Nestle shrugged off investor concern about the impact of the sudden appreciation of the Swiss franc by increasing its dividend, despite experiencing a small drop in sales in 2014 amid lacklustre Asian demand and a difficult economic climate in Europe.
The world's largest food company by sales normally targets annual growth of between 5 per cent and 6 per cent, but it grew 4.5 per cent in 2014 after registering a 0.6 per cent drop in sales to SFr91.6bn (€85.2bn). The growth figures were in line with analyst expectations, according to a Reuters poll.
In a sign of confidence, the group said that it would increase its dividend to SFr2.20 per share, up from SFr2.15 a year ago. Net profits, meanwhile, rose SFr4.4bn to SFr14.5bn, in part due to the profit realised on the disposal of the group's stake in L'Oreal last year.

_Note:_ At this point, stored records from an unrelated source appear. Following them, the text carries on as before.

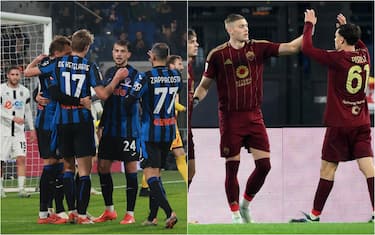 Atalanta e Roma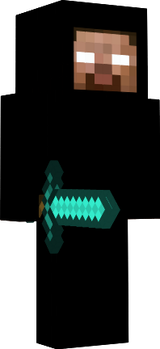 HerobrineMe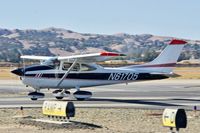 N61705 @ LVK - Livermore airport airshow 2019. - by Clayton Eddy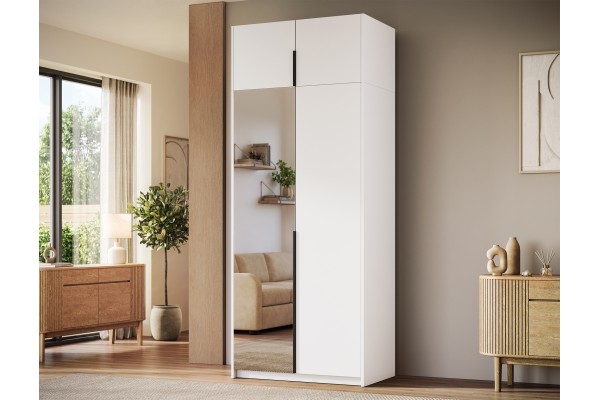 Kleiderschrank Sono XL (100cm)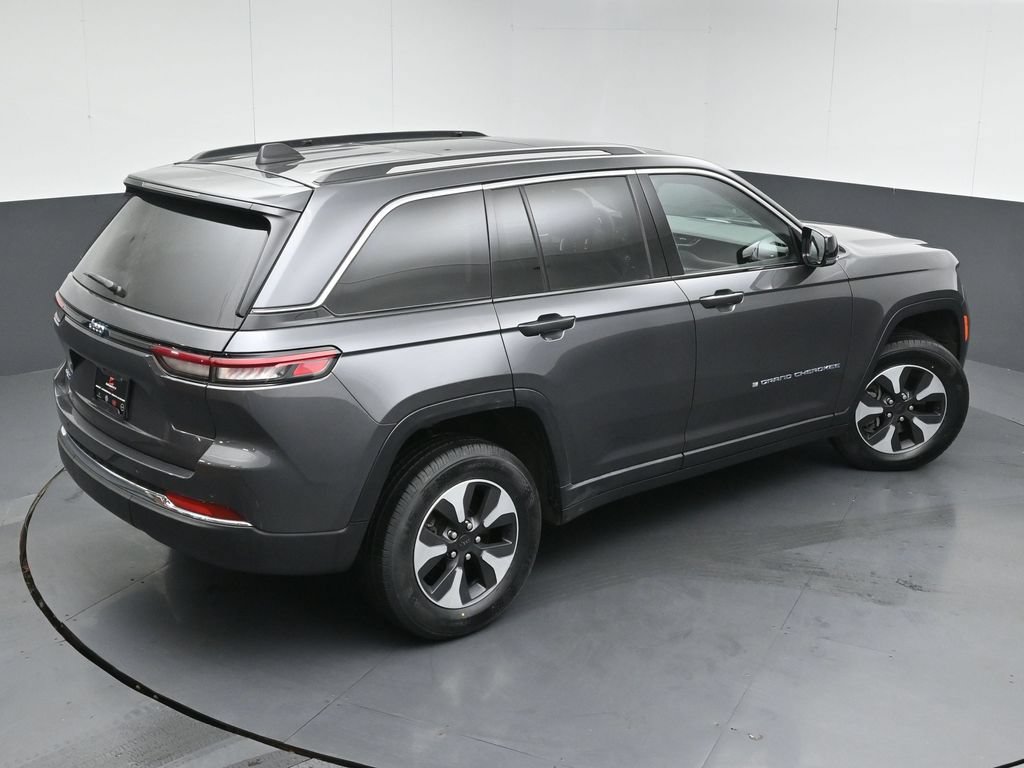 Used 2022 Jeep Grand Cherokee Limited 4xe AWD/4WD image 45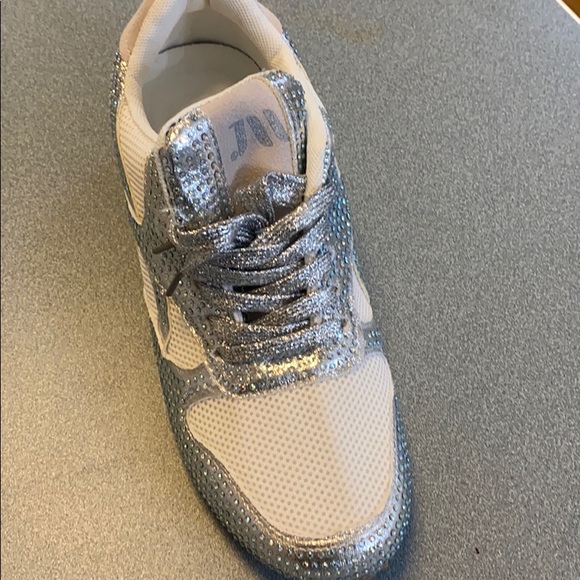 Bling sneakers - Picture 1 of 6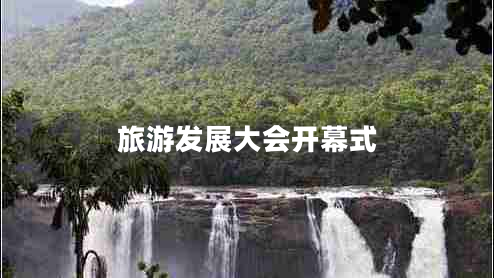 旅游發(fā)展大會開幕式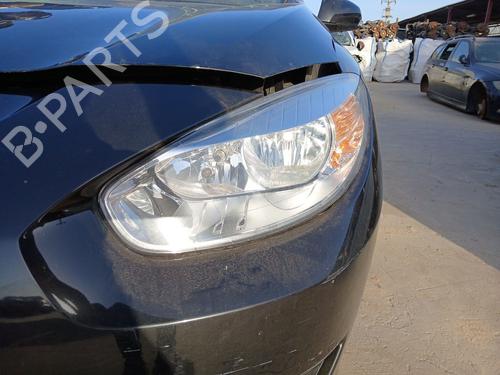 Left headlight RENAULT FLUENCE (L3_) 1.5 dCi (L30B) | BP36774132C28 - Image 3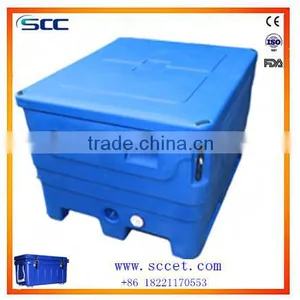 Fish Tank Insulated Fish Tubs Fish Totes Fish Transport Container thumbnail-1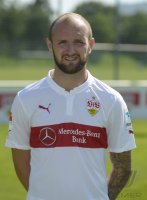 Fussball 1. Bundesliga 2014/2015: Fototermin beim VfB Stuttgart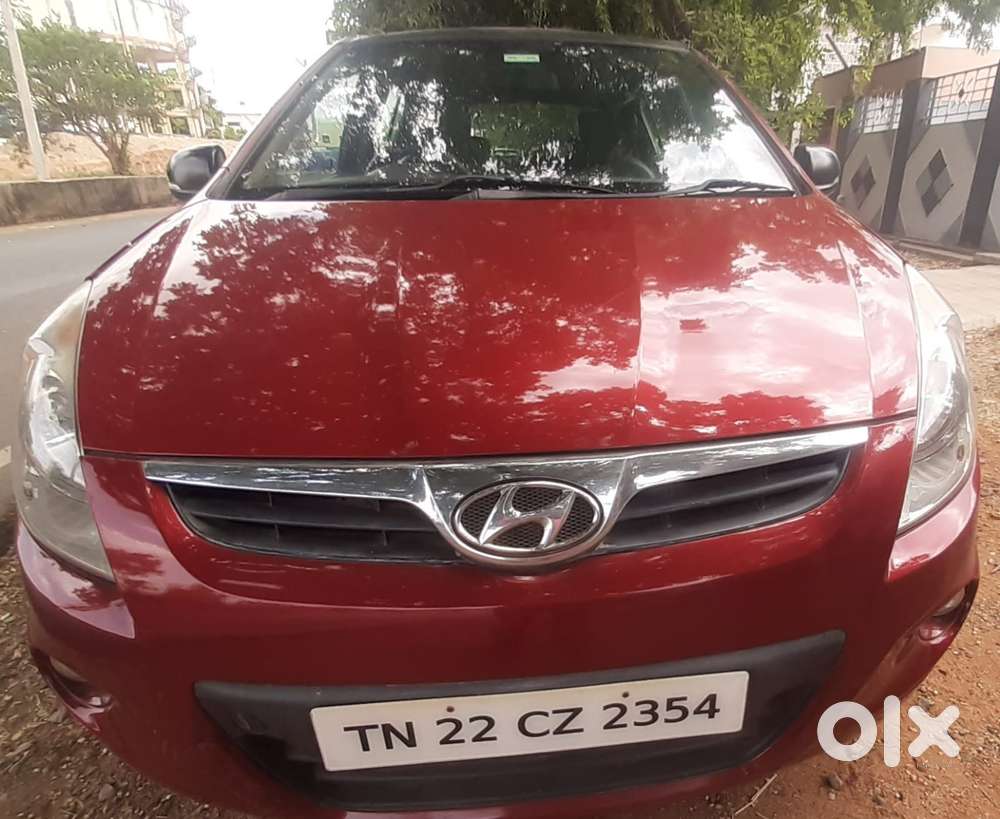 Hyundai I20, 2011, Diesel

Some investors had speculated that the Swiss company would be forced to cut or hold its dividend at last year's level in response to the sudden appreciation of the Swiss franc. The company's share price suffered a sharp drop after the Swiss National Bank announced the removal of the cap on the Swiss franc against the euro in January, but its shares have since recovered, trading 8 per cent higher year on year.
On Thursday, the group said it had suffered "no material impact" as a result of the sharp rise in the Swiss franc in terms of its currency exposures, counterparty risk and pensions.
Paul Bulcke, chief executive, said: "These are strong results, building on the good growth of past years and delivered in a soft trading environment." He added that the food manufacturer's growth target of 5 per cent remained unchanged for 2015.
Some investors were underwhelmed by the group's 2014 performance. Eleanor Jolidon-Taylor, a Geneva-based fund manager at Union Bancaire Privee, described the results as "pleasantly boring". "There are no fireworks for 2015 and problems remain in [Asia, Oceania and Africa]. [Results were] better than I feared in the US and really surprisingly good in Europe," she said.
Andrew Wood, analyst at Bernstein, was more impressed. "Overall, it was a nice, solid reporting," he said. "2014 can be considered to be a very solid year for Nestle in a tough environment. Nestle continues to demonstrate how solid and reliable it is, and we expect this to continue in 2015. We would expect a mildly positive stock reaction."
Analysts at Swiss private Bank Vontobel were similarly positive. "Nestle remains best-in-class in the industry, and a core holding in our view. We hope for more action in M&A and divestments of underperformers," they said.
The company described sales growth in Europe of 1.5 per cent as "good" compared to the market, driven by strong demand for Nescafe Dolce Gusto, the coffee brand, across Western Europe; Kitkat, the chocolate bar, in Central and eastern Europe; and pet food line Petcare across Europe.